Power the Malls with Solar Energy

Last weekend, I was wandering in a swanky mall situated at South Delhi. Actually, it’s not one, but a cluster of three malls. There’s no clutter outside. The facade is majestic. Once inside, the cool ambience was a respite from the outer hot and sultry weather. There’s enough space for parking in the basement. The toilets are easy to locate and are clean, and the fittings in it are on the side of opulence. The mall owners and the architects have taken care to make the shopping experience comfortable. However, what the shopping complex lacks is the vision and services of a solar energy consultant and application of solar energy.

The majority of the crowd appeared to have come from the posh localities of South Delhi. I had no purpose other than walk in slow pace, and observe the brands and their interaction with the potential buyers. I could see the presence of almost all the brands in apparel and lifestyle categories, which one shopped on an overseas trip two decades ago.

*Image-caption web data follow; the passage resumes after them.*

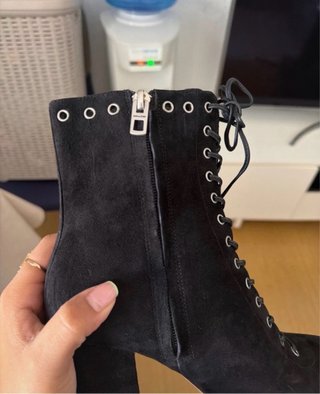 Botines Coach Negros con Cordones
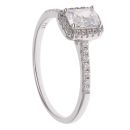 Silver Cubic Zirconia Cluster Ring By Icesia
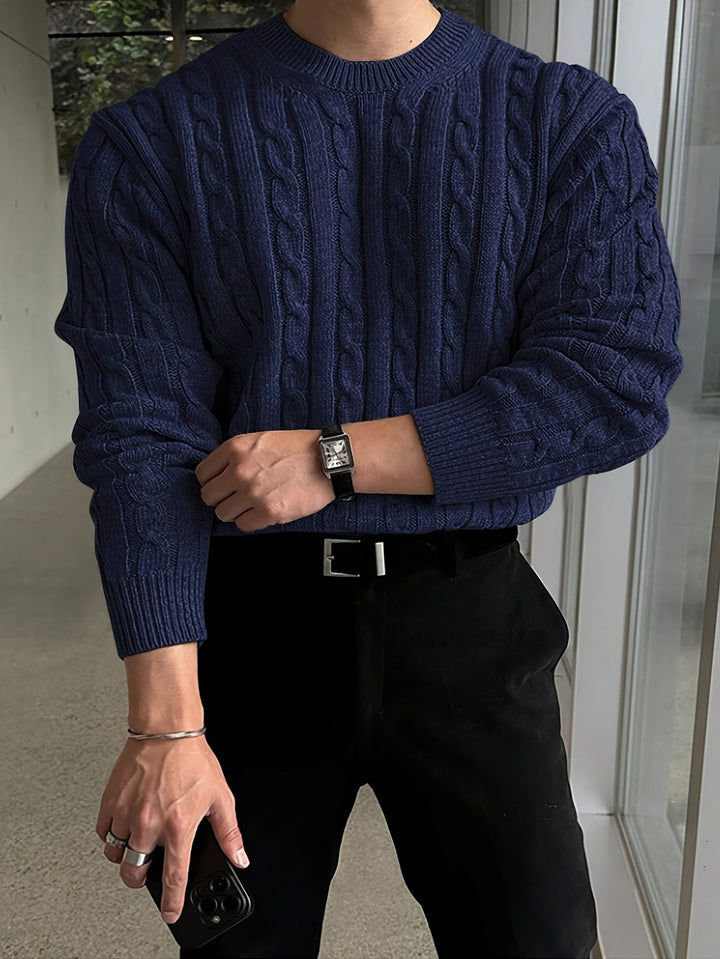 Preston | Twisted Cable Pullover Tröja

But I am not sure buying from these malls would carry the same snob value as shopping them in London. The stores are not only well lit but designed too—drawing power from the grid. The interesting bit was that the behaviours of the shoppers were similar in many respects as Paco Underhill has described of American shoppers in his best-selling books Why We Buy: The Science of Shopping and Call of the Mall.

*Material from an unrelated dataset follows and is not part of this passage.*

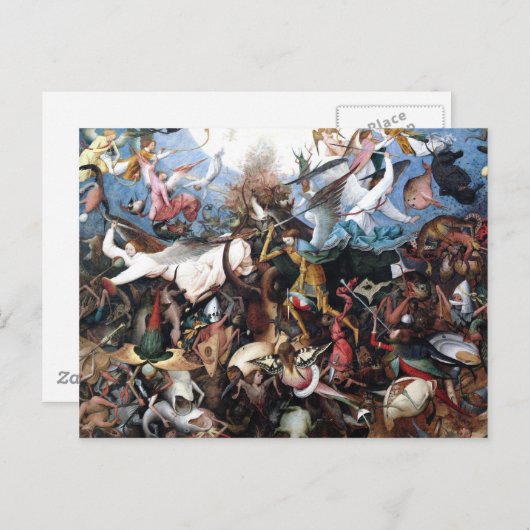 Der Fall der Engel der Rebellen durch Pieter Brueg Postkarte (Vorne/Hinten)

The architecture and beneath it—the understanding of malls—have evolved in Delhi NCR in the past five years. The new malls are big in all aspects so that the exclusive stores have more space. There’s abundance of space for shoppers to move around comfortably without rubbing anyone’s shoulders. What remains invisible is the consumption of energy. The promoters and architects have adopted all aspects of malls as they exist in the developed countries. What they have missed out is in the use of solar energy.

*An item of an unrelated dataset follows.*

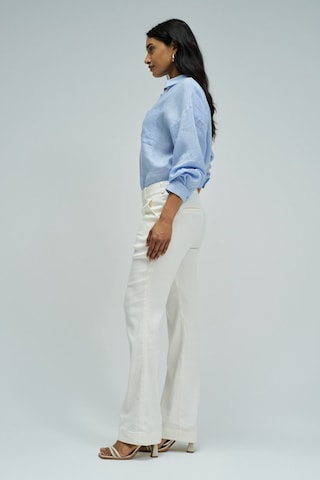 Salsa Jeans Flared ChinoHosen Chino in Weiß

It may sound utopian. But there are malls powered by solar energy. In Japan, the Aeon shopping mall near Yonago uses solar panels on its exterior to meet all its power requirements. The Oasis21 mall in Nagoya city has mini water pools on its roof, which control the environment in the shopping plaza and shopping center. Apart from saving energy, these innovative architectural designs help to reduce Japan’s carbon footprint.

Similar initiatives are taking place in the far away USA. At Jersey Gardens mall in New Jersey, which is about 1.3 million square foot in size, a single-roof solar system would soon be installed. The mall houses brands like Gap, H&M, Lord & Taylor Outlet, Neiman Marcus, Last Call, Nike and Saks Fifth Avenue. Thanks to solar energy consultants there, the mall’s roof would generate 4.8 MW of electricity, which is enough to offset 11 per cent of its electric consumption.

Why can’t our architects and developers think of solar, when we have so much benevolence of Sun?